Sosial Budaya

Komitmen Beragama dan Bermuhammadiyah

Komitmen Beragama

Oleh: Buya Irwandi Nashir*

Riaz Hassan, peneliti dari University Adelaide, Australia, pada tahun 2006 menerbitkan hasil penelitiannya tentang kesadaran keagamaan dan sosial umat Islam di empat negara yang penduduknya mayoritas muslim, yaitu Indonesia, Pakistan, Mesir, dan Kazakhstan.
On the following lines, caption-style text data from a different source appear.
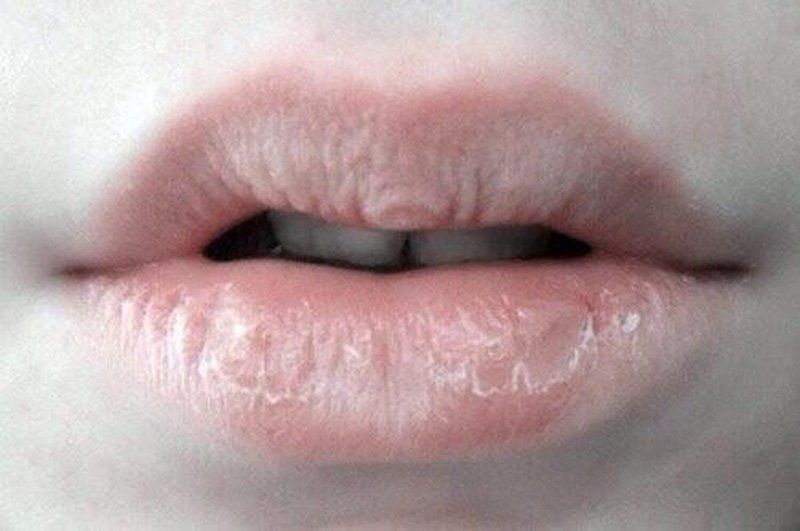Isotretinoin là thuốc gì? Công dụng và chỉ định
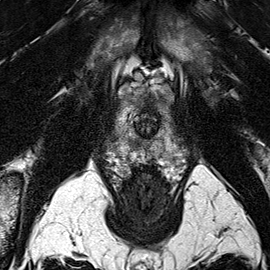Peripheral-zone lesion, apex (Case 20) T2 axial source preview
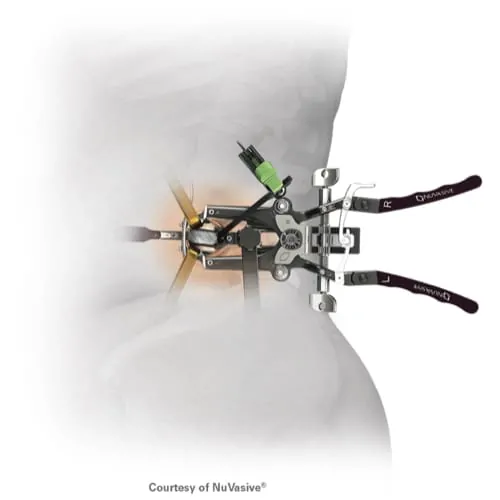 arthrodese lombaire laterale arthrodese lombaire par voie laterale chirurgie du rachis espace francilien du rachis clinique du rachis versailles paris 8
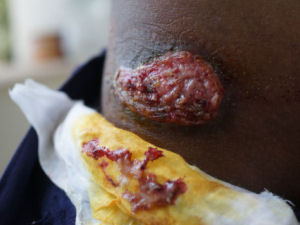 One of the childrens wounds after contracting chicken pox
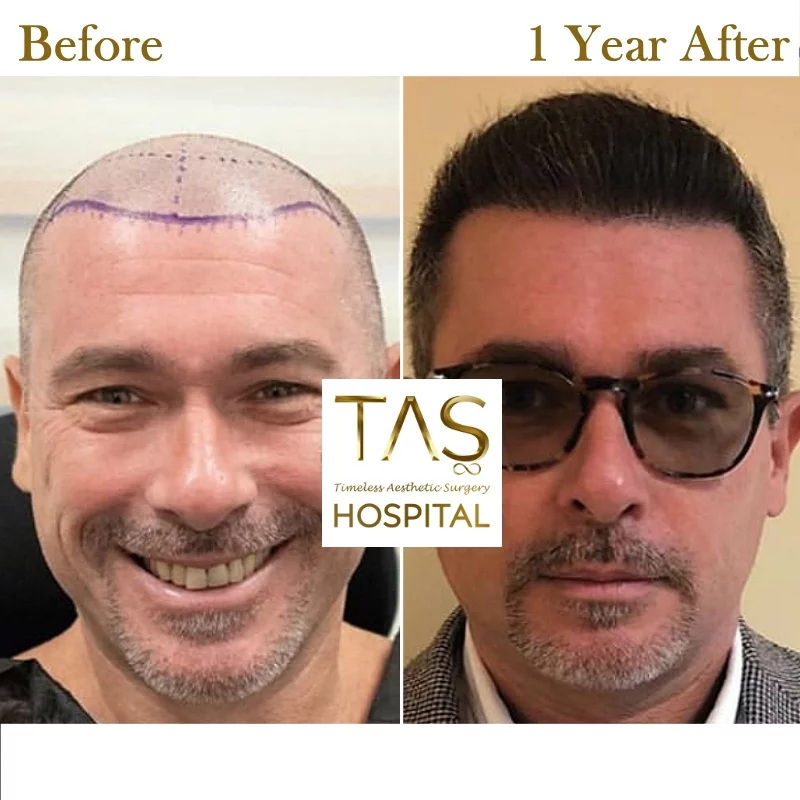 Hair Transplant Before and After Turkey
Sebanyak 4.500 orang ditanya tentang kepercayaan mereka kepada Allah swt. dan komitmen menjalankan ibadah. Hasilnya, mereka yang ditanya di Indonesia, Pakistan, dan Mesir sebanyak 97% setuju dengan pernyataan bahwa “saya yakin Allah benar-benar ada dan saya tidak ragu tentang hal itu”.

Berbeda dengan kaum muslimin di Kazakhstan. Dari 970 orang, hanya sepertiga (31%)  yang percaya bahwa Allah benar-benar ada tanpa ragu. Lalu, dari 1.472 orang Indonesia yang ditanya, 96% mengaku melaksanakan salat lima waktu secara rutin. Posisi kedua ditempati Mesir (90%).

Yang mengejutkan, hanya 57% dari 1.185 orang Pakistan melaksanakan shalat. Umat Islam di Kazakhstan paling jarang salat lima waktu. Hanya 5% dari 1.000 orang yang mengatakan bahwa mereka salat lima waktu. Untuk berpuasa, muslim Indonesia, Mesir, dan Pakistan mayoritas melaksanakannya dengan ketat. Sementara hanya 19% umat Islam Kazakhstan yang berpuasa di bulan Ramadan.

Cara beragama seseorang ternyata tak selamanya berbanding lurus dengan wilayah tempat mereka berdiam. Pakistan yang secara nyata menyatakan diri sebagai negara Islam tak menjadi jaminan untuk mencerminkan kesalehan rakyatnya. Dari sisi keyakinan terhadap perkara yang wajib diimani mereka cukup menonjol, tapi jauh kalah dari sisi pengamalan dibanding Mesir dan Indonesia. Begitu juga dengan Kazakhstan. Sebagai sebuah negeri di Asia Tengah dengan penduduk sekitar 18 juta orang dan lebih sepertiga adalah muslim, umat Islam di Kazakhstan jauh kalah dibanding muslim di tiga negara lainnya dalam pola keyakinan dan pelaksanaan ibadah.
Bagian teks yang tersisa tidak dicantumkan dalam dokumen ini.